Data entries:
---*---

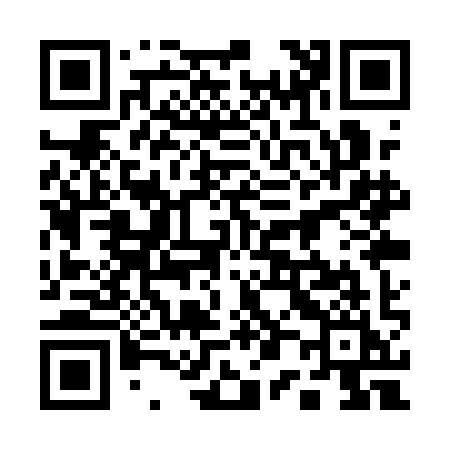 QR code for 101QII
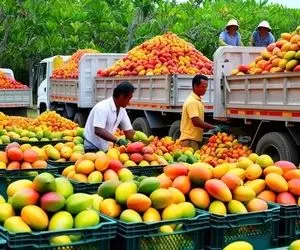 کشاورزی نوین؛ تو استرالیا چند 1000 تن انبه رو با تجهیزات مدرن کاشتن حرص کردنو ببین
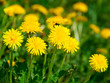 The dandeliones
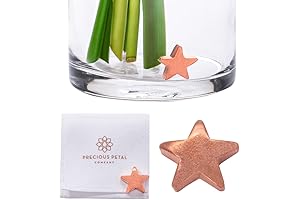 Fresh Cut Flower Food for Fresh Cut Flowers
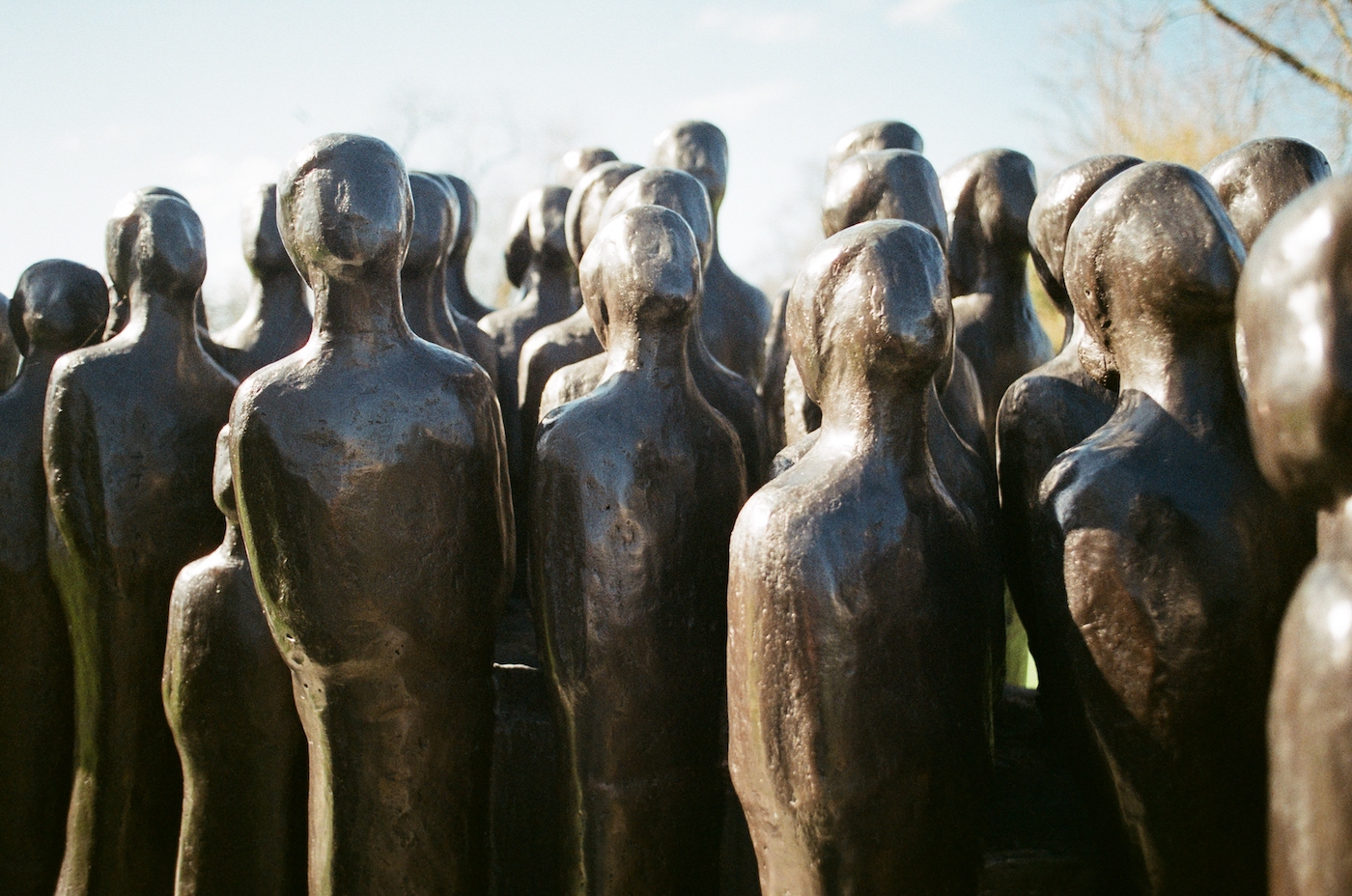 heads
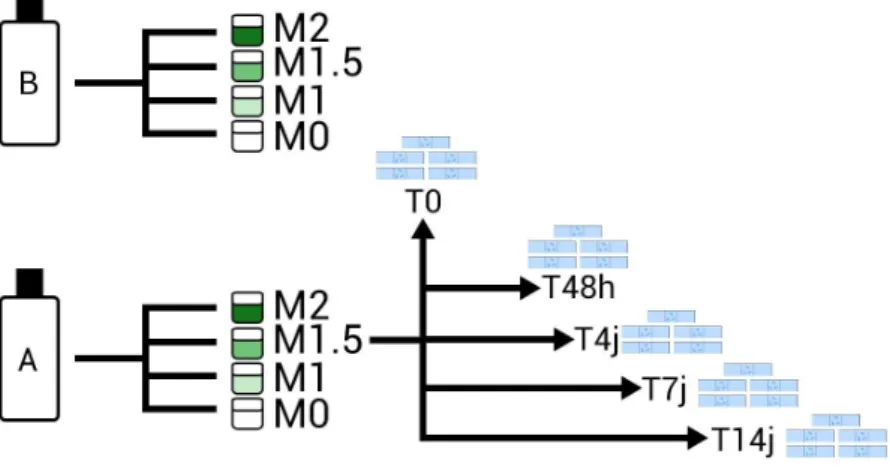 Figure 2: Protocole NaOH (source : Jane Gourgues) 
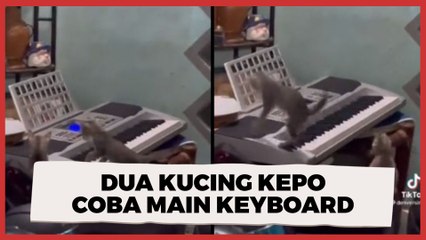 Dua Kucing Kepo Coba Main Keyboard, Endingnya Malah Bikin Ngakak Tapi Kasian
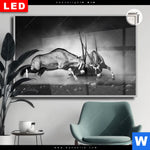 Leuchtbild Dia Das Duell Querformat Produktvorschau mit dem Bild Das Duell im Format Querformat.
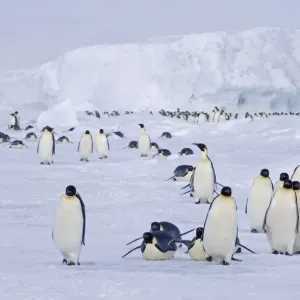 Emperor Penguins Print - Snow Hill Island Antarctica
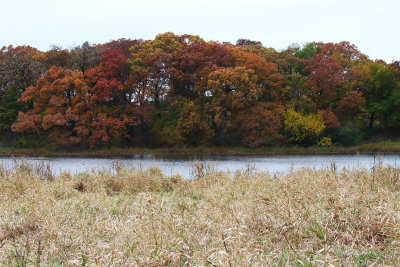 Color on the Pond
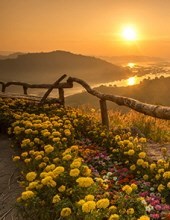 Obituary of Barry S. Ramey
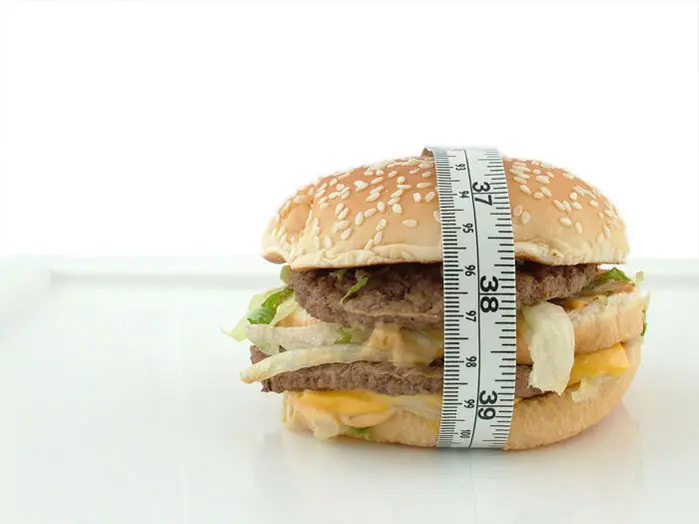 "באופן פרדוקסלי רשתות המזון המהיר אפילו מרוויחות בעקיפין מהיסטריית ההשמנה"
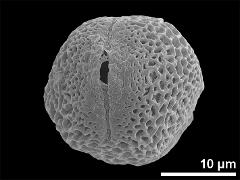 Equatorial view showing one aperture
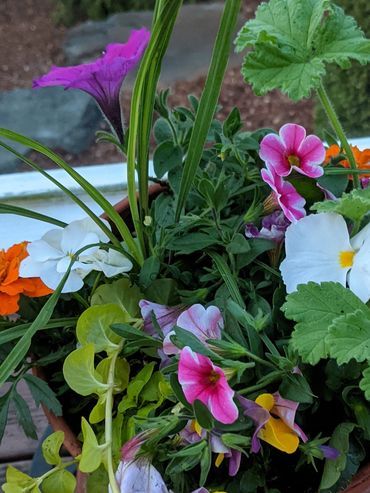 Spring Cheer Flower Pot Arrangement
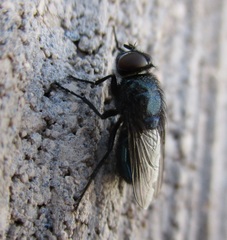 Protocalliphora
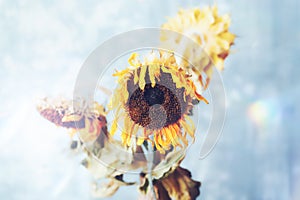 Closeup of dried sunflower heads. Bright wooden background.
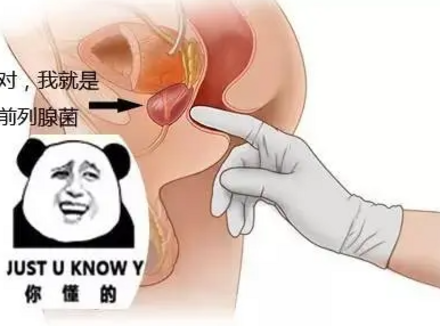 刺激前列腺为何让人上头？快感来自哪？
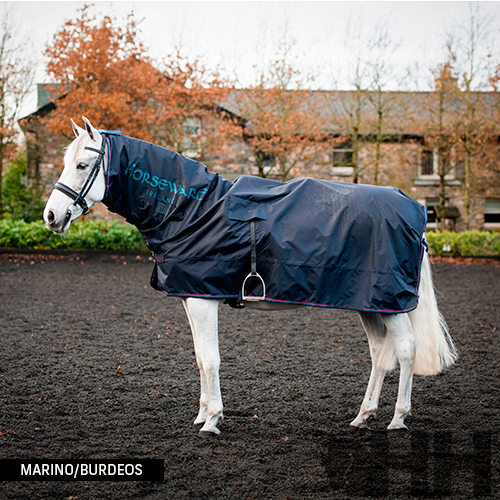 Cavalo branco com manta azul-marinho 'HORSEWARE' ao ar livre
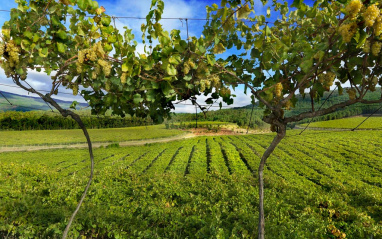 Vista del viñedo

---*---

Your copy must start at the line that holds "Dua Kucing Kepo" and end at the last line of the data, both included; it must contain no pictures.

 Dua Kucing Kepo Coba Main Keyboard, Endingnya Malah Bikin Ngakak Tapi Kasian
 Leuchtbild Dia Das Duell Querformat Produktvorschau mit dem Bild Das Duell im Format Querformat.
 Emperor Penguins Print - Snow Hill Island Antarctica
 Color on the Pond
 Obituary of Barry S. Ramey
 "באופן פרדוקסלי רשתות המזון המהיר אפילו מרוויחות בעקיפין מהיסטריית ההשמנה"
 Equatorial view showing one aperture
 Spring Cheer Flower Pot Arrangement
 Protocalliphora
 Closeup of dried sunflower heads. Bright wooden background.
 刺激前列腺为何让人上头？快感来自哪？
 Cavalo branco com manta azul-marinho 'HORSEWARE' ao ar livre
 Vista del viñedo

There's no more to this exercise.